Hacker News new | past | comments | ask | show | jobs | submit login
Online migrations at scale (stripe.com)
268 points by hepha1979 on Feb 2, 2017 | hide | past | favorite | 56 comments



We're doing nearly the exact same approach in my office out of necessity.

We "allowed" small amounts of downtime previously (say 10-15 minutes at a time for migrations), but over the last year as our customer base has expanded, the window has shrunk smaller and smaller as to avoid service disruptions.

We're now at a stage where downtime is effectively not allowed anymore, so we've taken to this approach (make a new table, dual write new records, then write all the old records, remove references to the old table) to mitigate our downtime.

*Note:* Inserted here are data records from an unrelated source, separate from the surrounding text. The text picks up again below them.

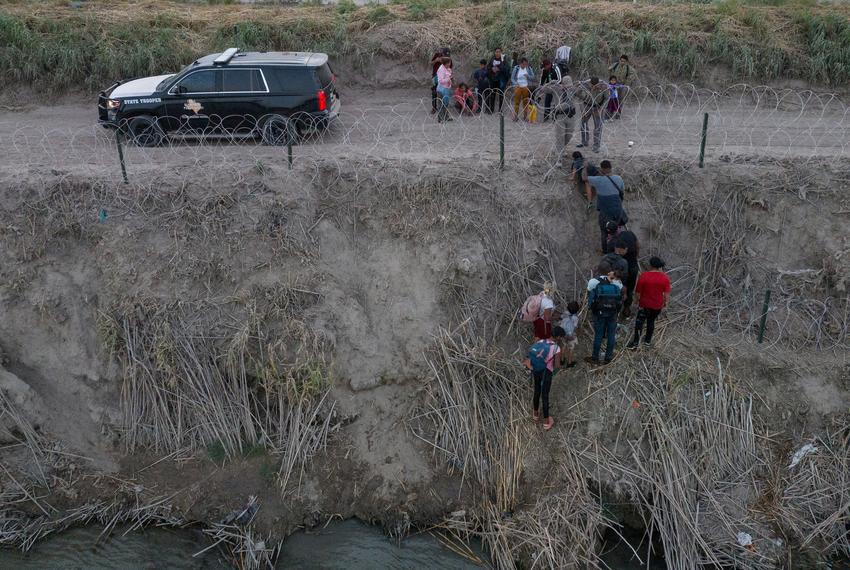 Texas Department of Public Safety troopers pull migrants from under concertina wire after they crossed the Rio Grande River from Mexico into Eagle Pass, on July 27, 2023.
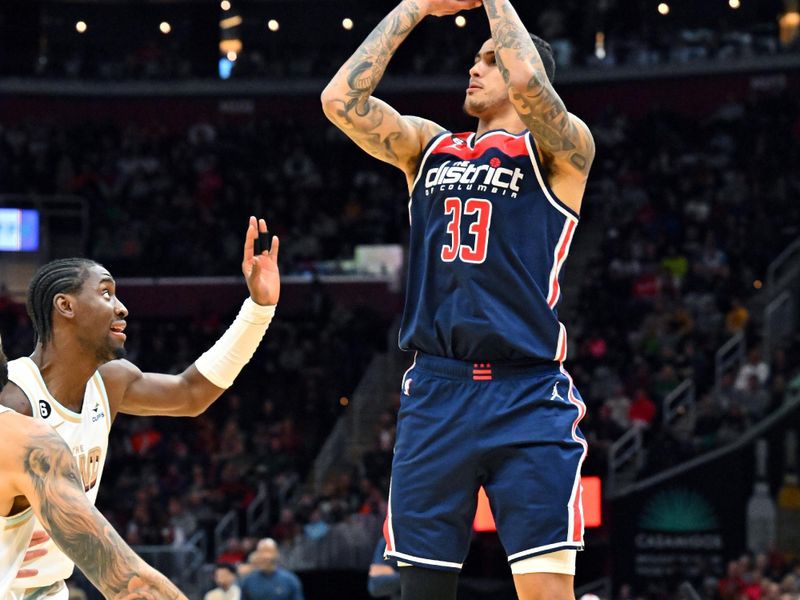 CLEVELAND, OHIO - MARCH 17: Kyle Kuzma #33 of the Washington Wizards shoots over Caris LeVert #3 of the Cleveland Cavaliers during the fourth quarter of the game at Rocket Mortgage Fieldhouse on March 17, 2023 in Cleveland, Ohio. The Cavaliers defeated the Wizards 117-94. NOTE TO USER: User expressly acknowledges and agrees that, by downloading and or using this photograph, User is consenting to the terms and conditions of the Getty Images License Agreement. (Photo by Jason Miller/Getty Images)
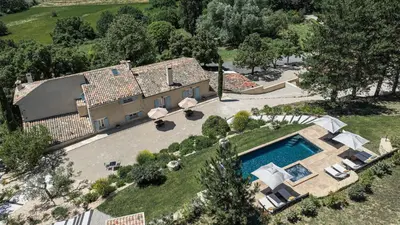 an aerial view of a house with a swimming pool at Domaine de la Lisière in Sault-de-Vaucluse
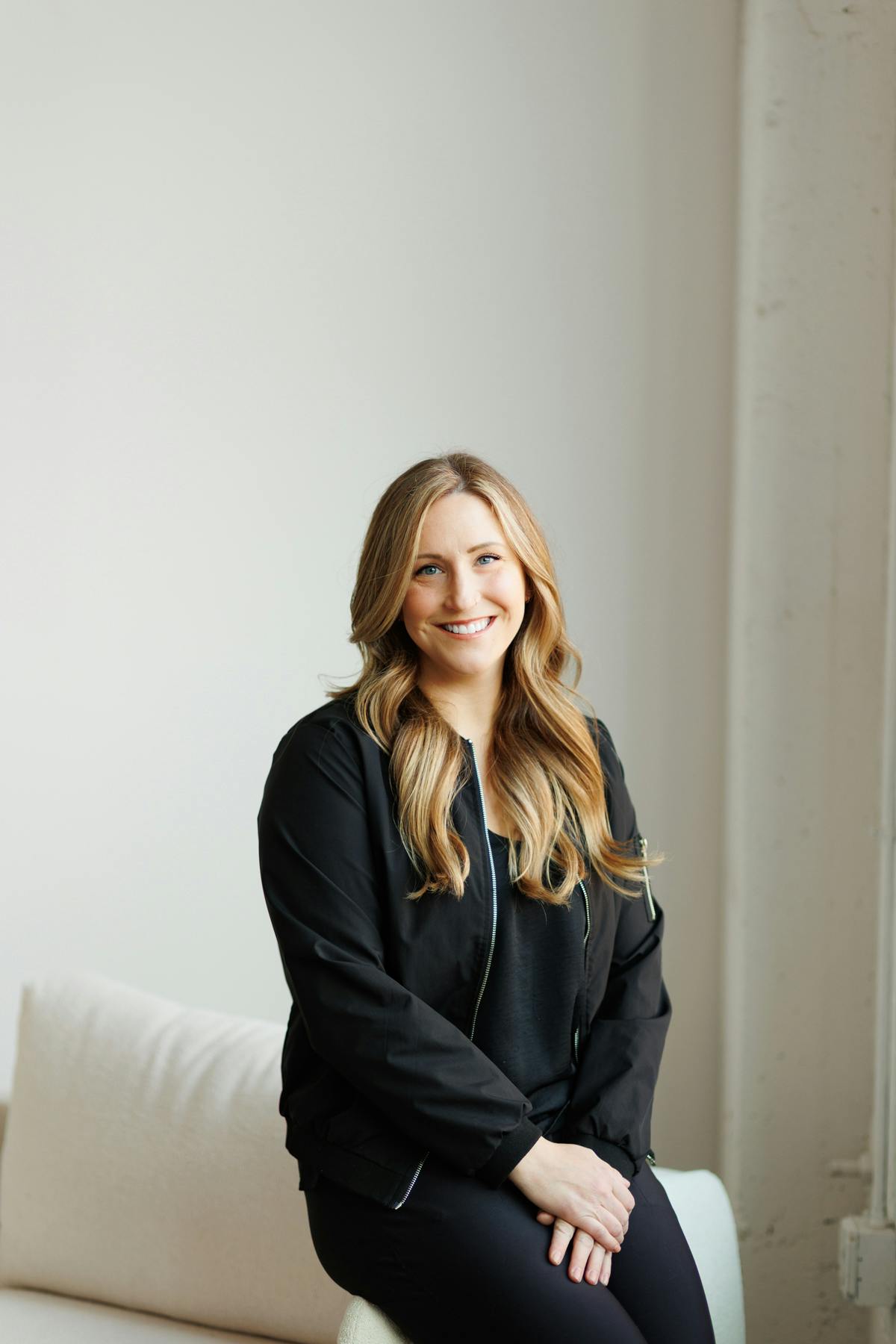 Blond woman in black outfit smiling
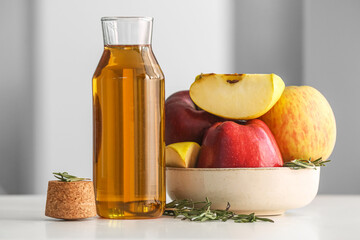Bowl with fresh apples and bottle of juice on table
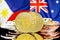 Bitcoins on Philippines and Australia flag background
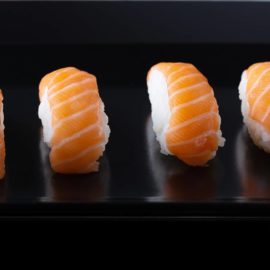 salmon sashimi - sushi - black background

It's nice to know that other companies have taken this approach as well, my team honestly didn't know if we were doing it "properly" or not (if there is such a thing as properly)


> It's nice to know that other companies have taken this approach as well, my team honestly didn't know if we were doing it "properly" or not (if there is such a thing as properly)

Incidentally, I was thinking about doing a blog post about that too.

That's good. You're confirming there's an audience for my writing. Thank you :D


Avoiding large data migrations is one of the reasons to consider if using Command Query Responsibility Segregation (CQRS) and Event Sourcing (ES) is right for the application domain. It seems in this example the domain events haven't changed (i.e. subscription created, subscription canceled) but the logic enforcing subscriptions has (i.e. only one subscription then allowing multiple). If the events were stored in an append only journal then the subscription business logic just needs to change and no data needs to be migrated. Additionally, since the catalyst for this change seemed to be query side performance, the query service can be optimized for reading the records separate from the command service that writes to the event journal.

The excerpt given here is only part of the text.